Open this lesson in your favourite AI. It'll walk you through the why, explain the demo, and quiz you on the try-it list.
A loss function tells the model 'how wrong you were' — but different tasks need different definitions of wrong. Regression uses MSE because the error is a real number. Classification uses cross-entropy because the prediction is a probability distribution. Language modeling is classification over the vocabulary — so cross-entropy is the loss you'll see for every LLM for the rest of your life. Pick the wrong loss and your model learns the wrong objective.
Two losses, two use cases:
MSE (regression): L = mean((y_pred - y_true)^2). Penalizes large errors quadratically. Assumes the target is a continuous real value.
Cross-entropy (classification): L = -sum(y_true * log(y_pred)). Given a probability distribution y_pred over V classes and a one-hot y_true, this simplifies to -log(y_pred[correct_class]). Penalizes being confidently wrong much more than being uncertain. This is the LM loss.

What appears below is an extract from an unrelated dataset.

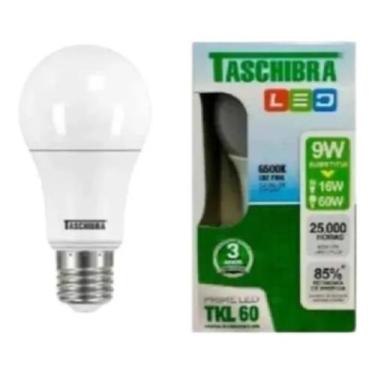Imagem de Lâmpada de LED Bulbo Taschibra E27 Branca - 9W 6500K TKL 60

Why not MSE for classification? Because your outputs after softmax are probabilities in [0,1]. An MSE on probabilities treats "confidently right" the same as "barely right" — it doesn't push the model to be certain. Cross-entropy does. Walk the numbers in the demo.
// main.go — MSE vs cross-entropy, by hand
package main
import (
"fmt"
"math"
)
// ----- MSE (regression) -----
func mse(preds, targets []float64) float64 {
var sum float64
for i := range preds {
d := preds[i] - targets[i]
sum += d * d
}
return sum / float64(len(preds))
}
// ----- Cross-entropy (classification) -----
func softmax(logits []float64) []float64 {
m := logits[0]
for _, v := range logits {
if v > m {
m = v
}
}
e := make([]float64, len(logits))
var s float64
for i, l := range logits {
e[i] = math.Exp(l - m)
s += e[i]
}
for i := range e {
e[i] /= s
}
return e
}
func crossEntropy(logits []float64, targetIdx int) float64 {
p := softmax(logits)
return -math.Log(p[targetIdx])
}
func main() {
fmt.Println("MSE for [2.1, 2.9, 5.0] vs [2, 3, 5]:",
mse([]float64{2.1, 2.9, 5.0}, []float64{2.0, 3.0, 5.0}))
// A 3-class prediction: model thinks class 0 is most likely.
// Target is actually class 1.
logits := []float64{3.0, 1.0, 0.5}
fmt.Println("softmax:", softmax(logits)) // heavily on class 0
fmt.Println("CE loss (target=1):", crossEntropy(logits, 1)) // high — model was confidently wrong
// If model had been right:
fmt.Println("CE loss (target=0):", crossEntropy(logits, 0)) // low
// The LM loss: vocab size V=50257. Target = next-token id. CE over 50257 classes.
}go run main.goUse these three in order. Each builds on the one before.
Explain what a loss function is and why different tasks use different ones. Name two and give the task each is for.
Derive why cross-entropy, not MSE, is correct for classification. Start from maximum likelihood estimation of a categorical distribution and show that minimizing negative log-likelihood equals cross-entropy.
For LLMs, cross-entropy on the next token gives perplexity as exp(CE). Explain what 'bits-per-byte' is, how to convert CE to bits-per-byte, and why bits-per-byte is a fairer comparison across tokenizers.